### Exercise aim
Return, word for word, every line starting at the line with "В Італії провели" and ending at the final line of the entries; skip the pictures.

(Stored data)
——

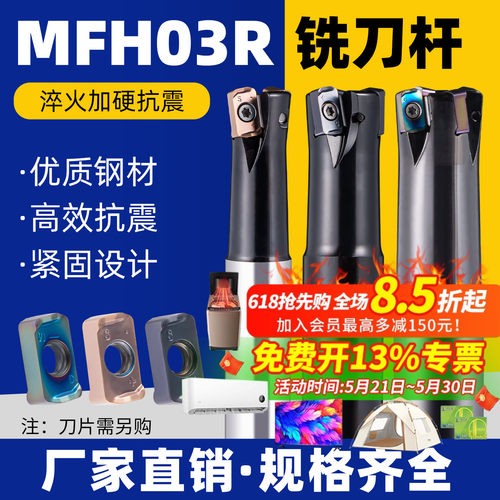 数控MFH03R快进给刀杆LOGU加工中心高效快速立铣刀杆双面刃铣刀片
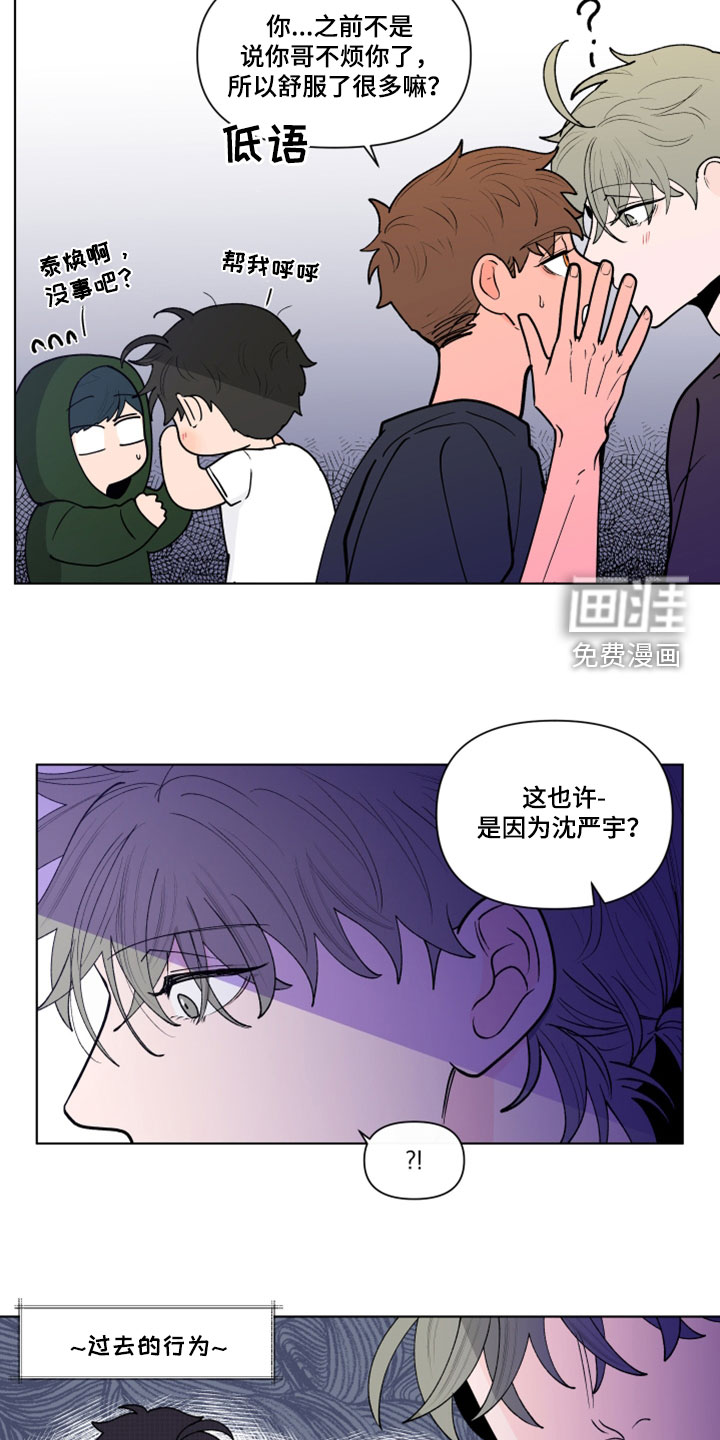 第266话7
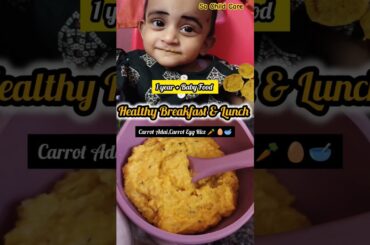 Healthy Breakfast & lunch recipes|Carrot egg rice Adai for 1 year+babies|#babyfood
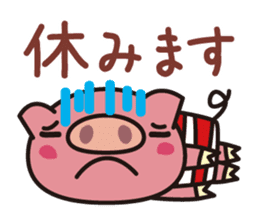 The pig which is not well-conditioned sticker #1151699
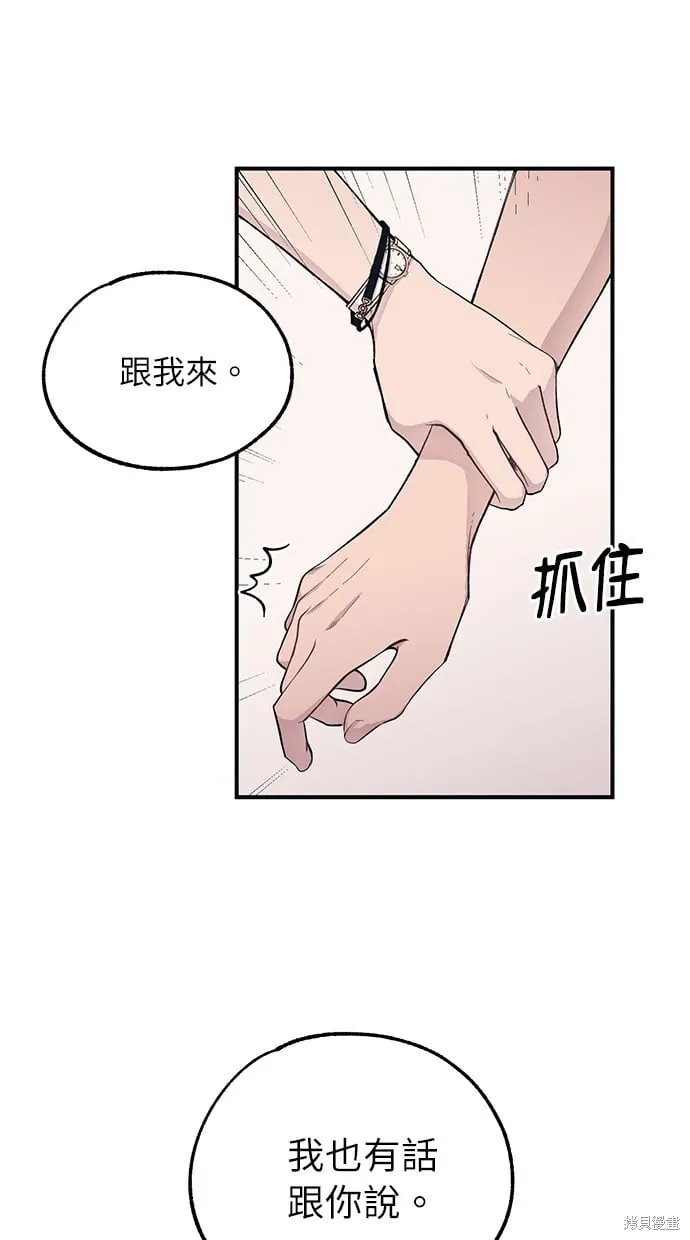 第44话 第44页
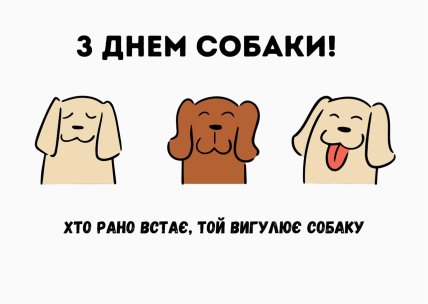 Открытки с днем собаки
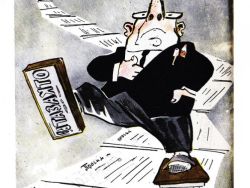 РФ – страна окончательно победившей бюрократии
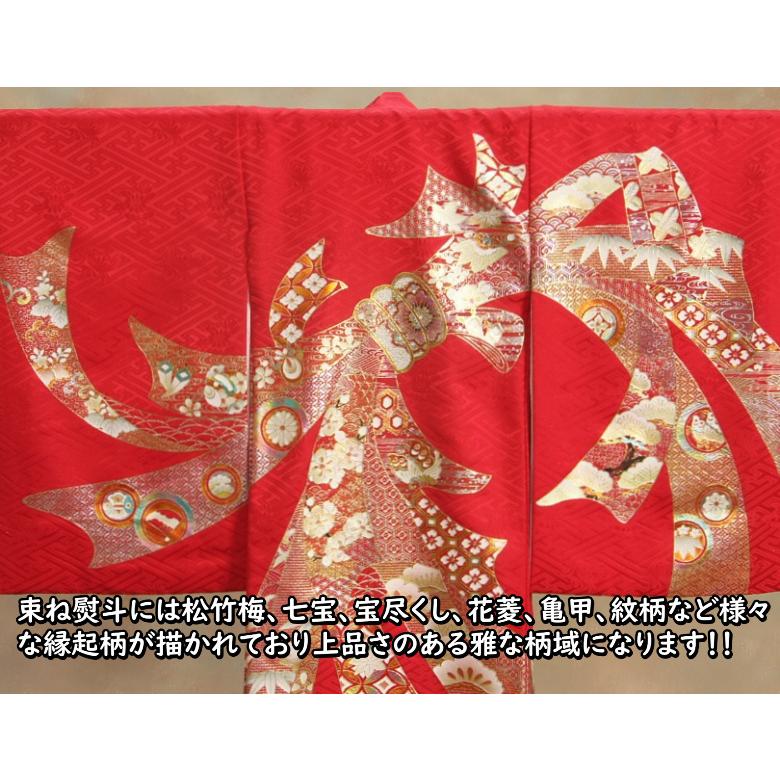お宮参り 着物 女の子 絹100％ 正絹女児初着 赤色 金彩友禅 箔使い 束ね熨斗 本サヤ地紋生地 日本製 | 京美 | 04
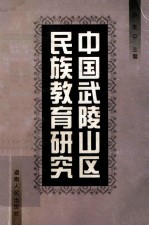 中国<em>武陵</em>山区民族教育<em>研究</em>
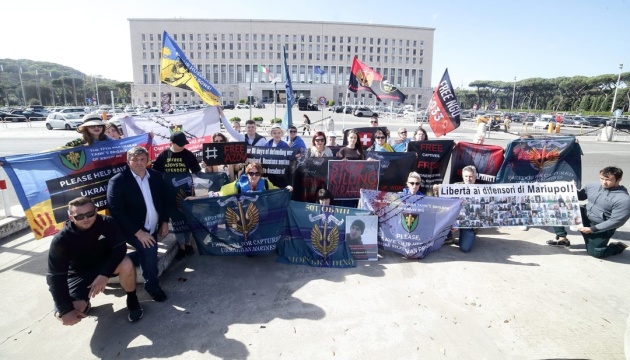В Італії провели акцію на підтримку полонених захисників Маріуполя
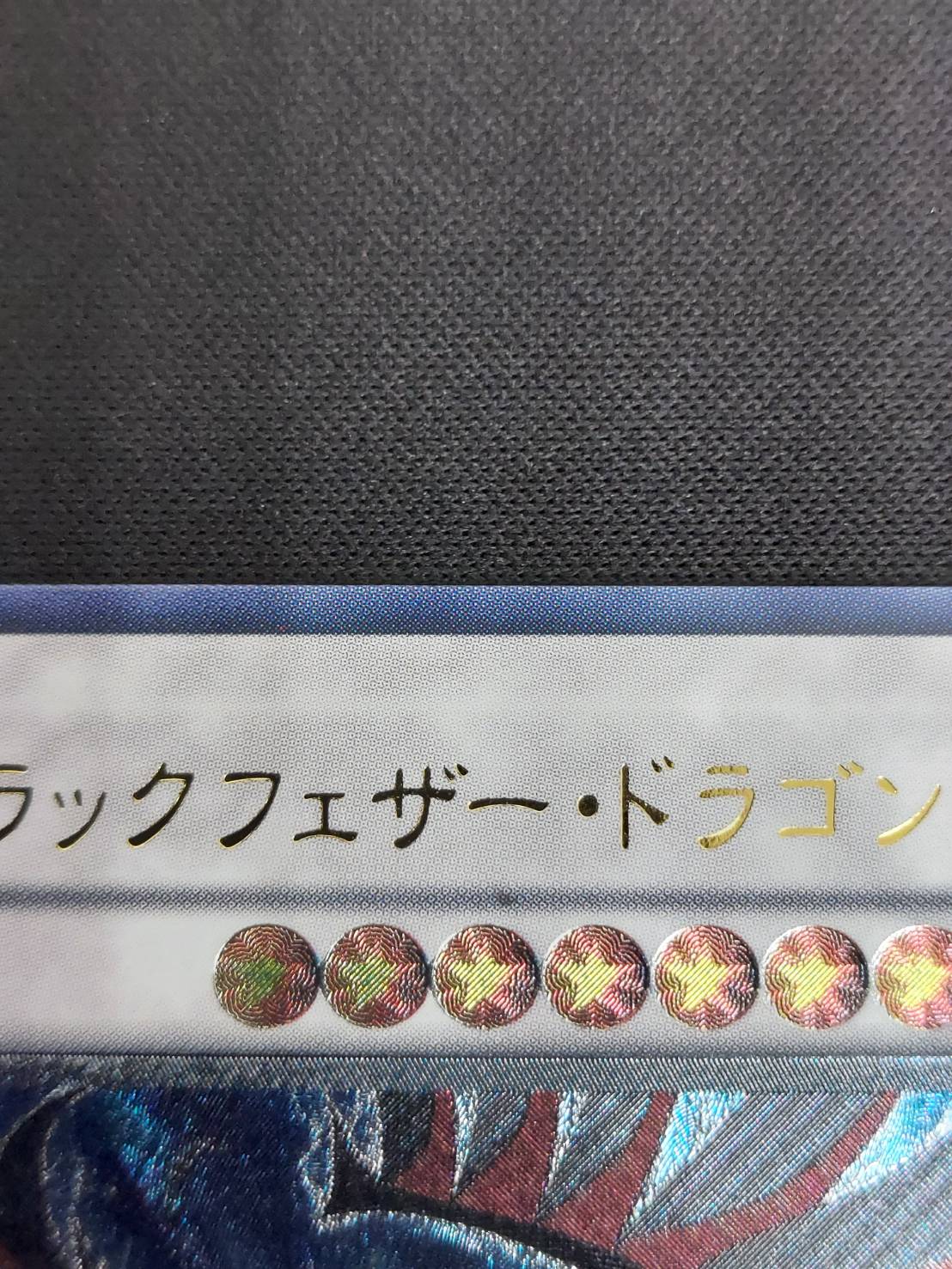 状態B】ブラックフェザー・ドラゴン[ｱﾙﾃｨﾒｯﾄ](TSHD-JP040) | 遊戯王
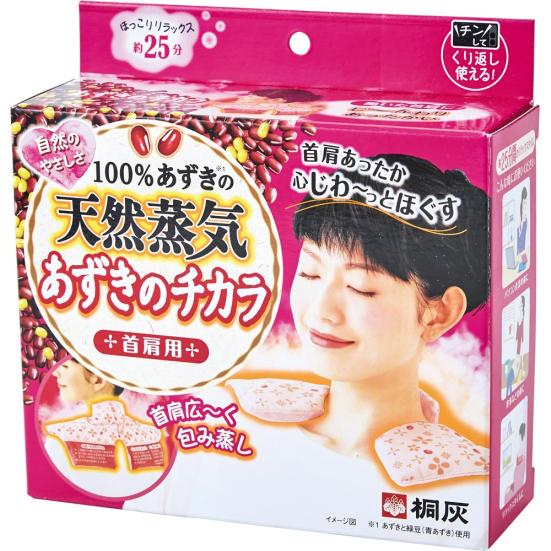 マッサージ代節約 肩こり解消 温めグッズ おすすめ8選 Ldk が試しました 360life サンロクマル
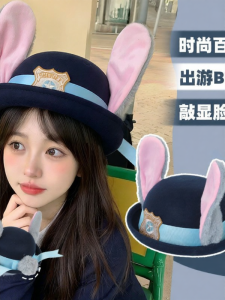 Judy Rabbit Police Officer Theme Zootopia Accessory Hairband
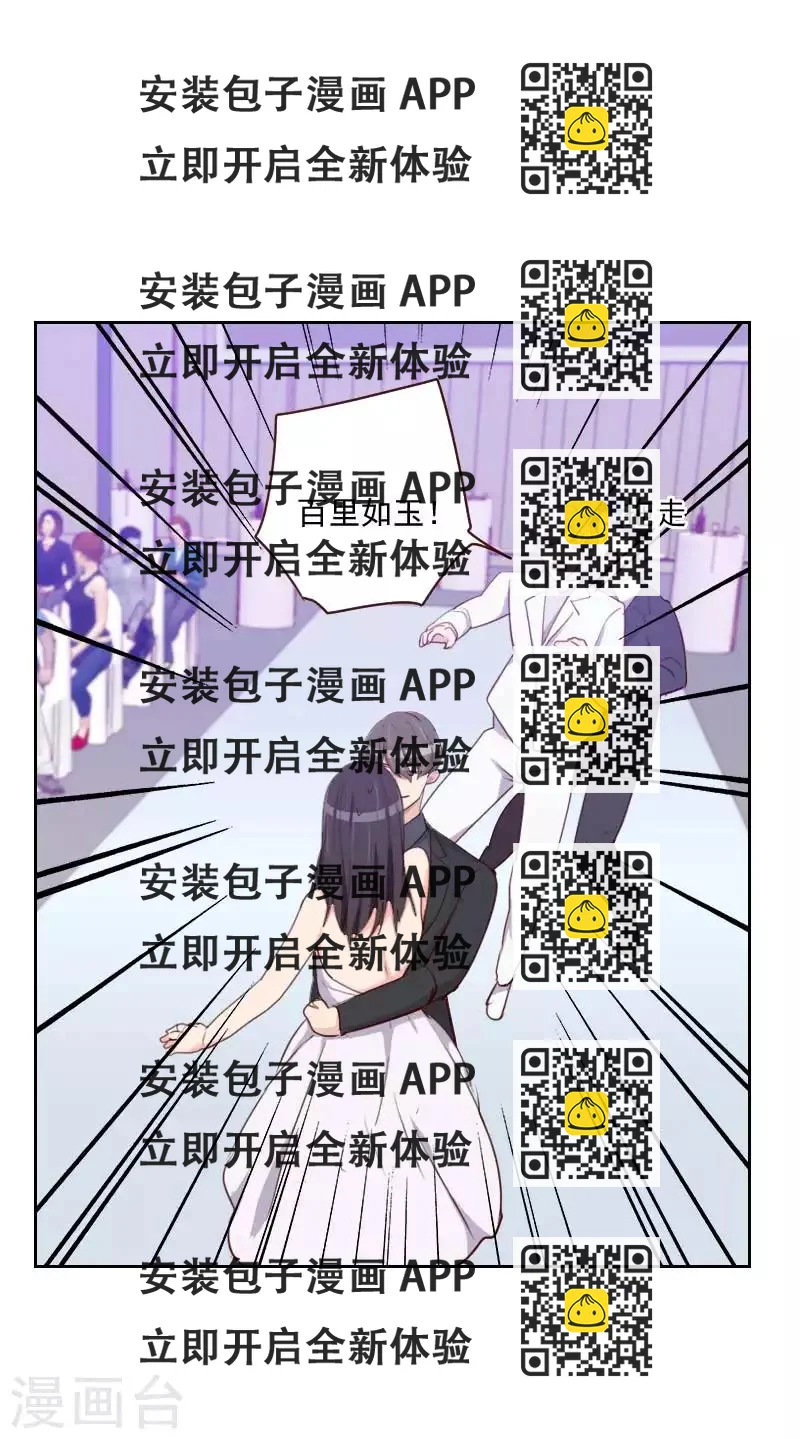 《初恋男友是BOSS》第112话 不好的预感 第2页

——

### Solution for this exercise
В Італії провели акцію на підтримку полонених захисників Маріуполя
 状態B】ブラックフェザー・ドラゴン[ｱﾙﾃｨﾒｯﾄ](TSHD-JP040) | 遊戯王
 マッサージ代節約 肩こり解消 温めグッズ おすすめ8選 Ldk が試しました 360life サンロクマル
 Judy Rabbit Police Officer Theme Zootopia Accessory Hairband
 《初恋男友是BOSS》第112话 不好的预感 第2页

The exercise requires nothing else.